4

I am trying to understand which are the situations when a git conflict can happen after a git merge and how they could be avoided.

I've created a git repository and added a text file to it.

  • I've added "1" to the text file and committed it to master.
  • I've created a new branch from master(branch2) and appended a new line to the text file with the content "2".
  • I've created a new branch from master(branch3) and appended a new line to the text file with the content "3".

After this, I've done the following :

  • I've merged branch2 into master. No conflicts which is right and I've expected.
  • I've merged master into branch3. I had conflicts because the second line of the text file has different content. I've fixed the conflicts by keeping "3" instead of "2".
  • I want to merge branch3 into master. Now my questions are : 1. Are there any possibilities to have conflicts when I do that merge? If yes, why? If no, why? 2. If there shouldn't be conflicts, but I still have conflicts, what could be the reasons?
Adam Nierzad
  • 942
  • 6
  • 19

2 Answers2

15

Merge conflicts happen during merges, not after them.

The conflict part is really very simple: A conflict occurs in file F when:

  • "our" changes—the difference from the merge base commit to our HEAD commit—has a change to file F, and
  • "their" changes—the difference from the same merge base commit to their tip commit—also have a change to file F as well, and
  • our changes and their changes overlap (edit: or abut—see comments), but are not identical.

To understand this, you need to:

  1. understand the output of git diff; and
  2. understand what a merge base is.

The output of git diff is pretty straightforward, really, but it requires remembering that each commit holds a snapshot of all of your files. This means we must give git diff two snapshots: an old one, and a new one. That's two "pictures" of what the file were like at two points in time. Git then plays a game of Spot the Difference: it tells you that to go from the left-side snapshot to the right-side snapshot, you must make some set of changes to some set of files. These changes may involve renaming some files; they might involve adding new files; they might involve deleting files; and they might involve deleting some particular lines from some files, and adding some lines to some files, in some particular places.
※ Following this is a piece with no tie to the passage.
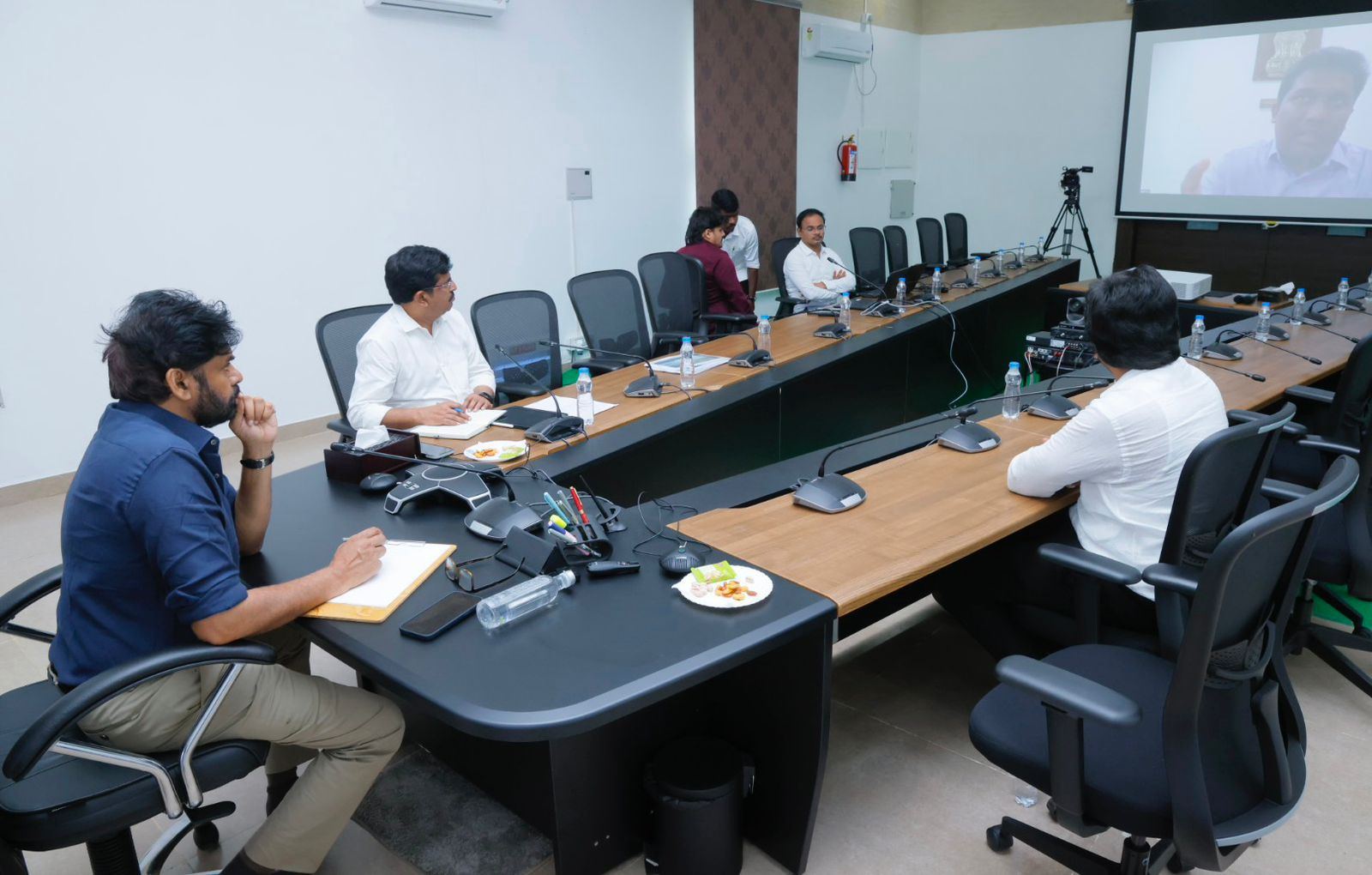 Pics: Deputy CM PK Spotted at Work In a Blue Outfit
The output of git diff is not necessarily anything any person did. It's just a set of changes that, if applied to the left-side snapshot, get you the right-side snapshot. The "left side" here is the left argument to git diff and the "right side" here is the right argument, when you use:

git diff <hash1> <hash2>

where the two hashes are the hash IDs of commits. (This is what git merge does, in effect, although it does all of this internally.) The diff engine is designed to produce the smallest set of changes that give the right effect. This, as it turns out, is usually what someone actually did do ... but not always; it's therefore usually right, but not always.

The last, but probably trickiest, part of understanding git merge is the concept of a merge base. Technically, the merge base is the (single) commit that emerges from an algorithm that finds the Lowest Common Ancestor (LCA) of nodes chosen from a a Directed Acyclic Graph (DAG). Not all DAG node pairs (or sets) have an LCA: some have none, and some have more than one. It's pretty common for your Git's commit graph to have a single LCA here, though, and git merge has some methods for dealing with multiple LCAs. (When there is no LCA, the modern git merge refuses to run by default, telling you that the two branches have unrelated histories. Old Git ran the merge anyway, and you can make modern Git do the merge anyway; in this case, Git uses a synthetic commit with no files as the merge base.)
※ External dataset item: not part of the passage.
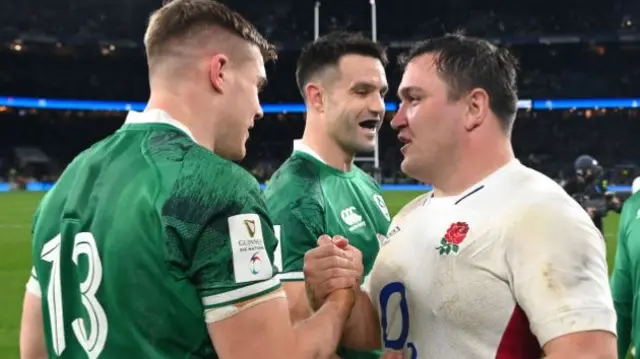 Jamie George shakes hands with Ireland's Garry Ringrose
The important part here is having a conceptual "feel" for the merge base. For some graphs, this is easy. Consider for instance the case of a Git commit graph where your two branches simply fork from a common ancestor commit whose hash ID is H:

          I--J   <-- branch1 (HEAD)
         /
...--G--H
         \
          K--L   <-- branch2

Here, when merging branch1 and branch2—which means commits J and L—the common starting point is clearly commit H. So git merge will run two git diff commands, and the merge base in each will be H:

git diff --find-renames <hash-of-H> <hash-of-J>    # what we changed on branch1
git diff --find-renames <hash-of-H> <hash-of-L>    # what they changed on branch2

Git will now combine the set of changes produced by these two git diff commands. Where they overlap, but don't make the same change, is where you will get merge conflicts.

Git will apply the combined changes to the snapshot in H. Applying your change to this snapshot results in commit J; applying their changes results in commit L; applying the combined changes results in, well, the combination.

If there are no conflicts, Git will be able to combine the changes on its own. Having applied the combined changes, Git will commit the result on its own, as a new merge commit M:

          I--J
         /    \
...--G--H      M   <-- branch1 (HEAD)
         \    /
          K--L   <-- branch2

and this will be your merge result.

If the combining fails, Git stops in the middle of the merge. Your job is now to finish the merge (combine the changes yourself), then tell Git you've done it and to the merge commit. If this is too big a mess, you can tell Git: abort the merge entirely and it will back out all of its attempts to combine things and leave you back on commit J, as if you'd never even run git merge at all.

The last tricky bit is this: when you do finish a merge—automatically through Git, or manually—the resulting merge commit records two parents. That is, if you look at merge M above, you'll see that it connects back to both commits J and L. In many merges we'd draw this a little differently:

                o--o   <-- small-feature
               /    \
...--o--B--o--D--o---o--o   <-- mainline
         \
          o--o--o--o--o--o   <-- big-feature

Here the small feature got merged into the mainline, and the big feature is still in progress. The merge base of the small feature was commit D. The merge base of the big feature will be commit B. (The rest of the commits are not very interesting.) In some cases, though, we get a more-tangled graph:

                  o--o---o   <-- offshoot-feature
                 /      / \
                o--o---o---o--o   <-- medium-feature
               /    \ /
...--o--o--o--o--o---o----o   <-- mainline

This graph isn't all that complicated, but it's really hard, now, to see where the merge bases are, because of all the cross merging from the various features into mainline and each other.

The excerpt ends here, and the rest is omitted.